Take all the time you need.


----------



## tarquin (Jan 14, 2010)

Rob,

Thinking of you, and our heartfelt best wishes to you and your family. My nephew is diabetic; he's doing fine, but it's traumatic, especially at first. Do what's best for your family, we'll keep thinking of you. 

Red


----------



## IrishBard (Jan 15, 2010)

I don't think anyones begrudging you time when it comes to writing.

you update when you need to, I don't think anyones badgering you. the stories excellent, but if it's put on hold due to personal reason, then we all wish you the best.


----------



## Anubis (Jan 15, 2010)

You are certainly and utterly in the right with your priorities. It only speaks futher to your excellent character that you would think to keep those of us on the forum updated. All my best wishes.


----------



## Coop (Jan 15, 2010)

I send my prayers to you and your family. You take all the time you need to recover.


----------



## Lardibutts (Jan 16, 2010)

> You are certainly and utterly in the right with your priorities. It only speaks futher to your excellent character that you would think to keep those of us on the forum updated. All my best wishes.

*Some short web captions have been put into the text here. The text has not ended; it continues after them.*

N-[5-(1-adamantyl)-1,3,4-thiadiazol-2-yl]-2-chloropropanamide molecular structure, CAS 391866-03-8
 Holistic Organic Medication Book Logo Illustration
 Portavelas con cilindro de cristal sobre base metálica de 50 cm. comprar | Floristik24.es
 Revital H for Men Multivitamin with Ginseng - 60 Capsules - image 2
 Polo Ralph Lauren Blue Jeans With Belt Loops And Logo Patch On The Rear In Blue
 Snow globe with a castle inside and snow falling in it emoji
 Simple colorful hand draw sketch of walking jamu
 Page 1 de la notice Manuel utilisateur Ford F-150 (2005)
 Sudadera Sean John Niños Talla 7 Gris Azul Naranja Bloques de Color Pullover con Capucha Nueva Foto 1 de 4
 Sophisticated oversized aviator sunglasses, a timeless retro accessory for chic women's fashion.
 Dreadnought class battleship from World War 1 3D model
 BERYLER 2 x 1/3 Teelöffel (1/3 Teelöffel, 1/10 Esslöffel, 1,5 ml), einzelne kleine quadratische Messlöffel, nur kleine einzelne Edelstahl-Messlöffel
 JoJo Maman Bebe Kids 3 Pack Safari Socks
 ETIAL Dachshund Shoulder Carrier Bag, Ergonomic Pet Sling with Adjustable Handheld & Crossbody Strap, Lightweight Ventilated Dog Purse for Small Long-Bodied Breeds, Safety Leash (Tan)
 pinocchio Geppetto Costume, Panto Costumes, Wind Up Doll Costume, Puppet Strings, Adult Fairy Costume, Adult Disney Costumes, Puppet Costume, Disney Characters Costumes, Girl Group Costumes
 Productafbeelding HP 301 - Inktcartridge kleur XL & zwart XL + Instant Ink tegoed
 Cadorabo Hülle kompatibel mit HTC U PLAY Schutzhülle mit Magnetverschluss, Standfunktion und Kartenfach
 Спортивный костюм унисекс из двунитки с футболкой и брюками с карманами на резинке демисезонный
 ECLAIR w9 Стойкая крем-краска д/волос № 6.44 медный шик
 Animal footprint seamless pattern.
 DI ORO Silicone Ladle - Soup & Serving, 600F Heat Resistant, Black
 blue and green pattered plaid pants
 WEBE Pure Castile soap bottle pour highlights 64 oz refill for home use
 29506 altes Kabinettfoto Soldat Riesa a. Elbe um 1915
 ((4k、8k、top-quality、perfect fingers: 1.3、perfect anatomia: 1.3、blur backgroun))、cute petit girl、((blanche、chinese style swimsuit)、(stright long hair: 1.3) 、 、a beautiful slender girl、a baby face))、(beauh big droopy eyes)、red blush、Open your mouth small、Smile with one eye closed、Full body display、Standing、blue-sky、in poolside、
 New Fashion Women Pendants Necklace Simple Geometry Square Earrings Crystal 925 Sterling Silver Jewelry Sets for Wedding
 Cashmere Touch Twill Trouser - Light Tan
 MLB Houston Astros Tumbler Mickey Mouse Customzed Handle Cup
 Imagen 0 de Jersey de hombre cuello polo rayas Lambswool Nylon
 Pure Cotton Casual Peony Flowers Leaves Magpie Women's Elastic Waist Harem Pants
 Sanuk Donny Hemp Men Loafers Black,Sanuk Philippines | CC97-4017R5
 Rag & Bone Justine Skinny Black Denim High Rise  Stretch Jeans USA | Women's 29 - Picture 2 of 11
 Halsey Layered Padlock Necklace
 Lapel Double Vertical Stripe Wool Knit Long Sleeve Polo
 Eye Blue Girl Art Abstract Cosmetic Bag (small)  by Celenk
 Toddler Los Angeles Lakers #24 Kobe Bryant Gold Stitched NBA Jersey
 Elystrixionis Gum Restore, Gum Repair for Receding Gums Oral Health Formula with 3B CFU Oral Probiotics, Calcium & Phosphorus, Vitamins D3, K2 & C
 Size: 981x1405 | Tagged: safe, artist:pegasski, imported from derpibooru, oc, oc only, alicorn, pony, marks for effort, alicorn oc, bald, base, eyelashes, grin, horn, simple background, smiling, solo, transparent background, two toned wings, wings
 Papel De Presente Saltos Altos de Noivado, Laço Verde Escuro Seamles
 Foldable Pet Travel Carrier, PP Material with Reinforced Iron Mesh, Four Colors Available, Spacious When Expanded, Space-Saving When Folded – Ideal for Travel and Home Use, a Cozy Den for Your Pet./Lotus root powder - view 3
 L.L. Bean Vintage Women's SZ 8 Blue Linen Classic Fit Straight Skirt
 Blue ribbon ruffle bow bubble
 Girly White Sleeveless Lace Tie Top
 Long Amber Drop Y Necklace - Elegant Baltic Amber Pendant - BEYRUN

I'd like to second that. You really raised the game with your wonderfully original fantasy fiction story.

For your own peace of mind don't be afraid of dipping back into fantasy from time to time through these difficult days.

Best wishes.

L


----------



## Tad (Jan 19, 2010)

My condolences to you and your family on the passing of your brother. And my best wishes for all of you adapting swiftly and reasonably easily to your son's diabetes.


----------



## Blame Picasso (Jul 10, 2011)

Hello my friends. It's been a while, and I'm happy to report I will be returning shortly. I've been tapping away at a new chapter of the Hotel New Orleans and I've adopted 'Ashley's Addictions' from the discard forum. I'm going to try and wait until I complete Ashley before I post it, but the next chapter of THNO should be up shortly. It's going fast and I will prepare you all that this chapter is starting out almost straight erotica. I guess it's been awhile lol, I'll try and forward the story a bit more in the next chapter!

BP


----------



## tarquin (Jul 10, 2011)

We're glad things are going well for you, and welcome back to you and the unparalleled HTNO. I may have a stroke, though, on anticipation of almost straight erotica featuring an "Alyssa who has grown quite a bit". Can't wait to read the next chapter. thanks so much! 

Tarquin
:bow:


----------



## Blame Picasso (Jul 11, 2011)

LOL Thanks Tarquin, I appreciate your enthusiasm. It's shaping up to be a longer chapter than the last few. I am hoping to post it by tomorrow!

BP



tarquin said:


> We're glad things are going well for you, and welcome back to you and the unparalleled HTNO. I may have a stroke, though, on anticipation of almost straight erotica featuring an "Alyssa who has grown quite a bit". Can't wait to read the next chapter. thanks so much!
> 
> Tarquin
> :bow:


----------



## rickydaniels (Jul 18, 2011)

welcome back! hope to see some new art too!


----------